** Data records **
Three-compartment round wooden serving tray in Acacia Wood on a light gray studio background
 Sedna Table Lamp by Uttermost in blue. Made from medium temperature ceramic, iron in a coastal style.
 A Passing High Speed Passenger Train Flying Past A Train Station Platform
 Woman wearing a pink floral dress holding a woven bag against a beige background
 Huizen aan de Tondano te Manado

** Problem statement **
Copy out the entire listing word for word. Keep every line as it is.

** Solution to the problem **
Three-compartment round wooden serving tray in Acacia Wood on a light gray studio background
 Sedna Table Lamp by Uttermost in blue. Made from medium temperature ceramic, iron in a coastal style.
 A Passing High Speed Passenger Train Flying Past A Train Station Platform
 Woman wearing a pink floral dress holding a woven bag against a beige background
 Huizen aan de Tondano te Manado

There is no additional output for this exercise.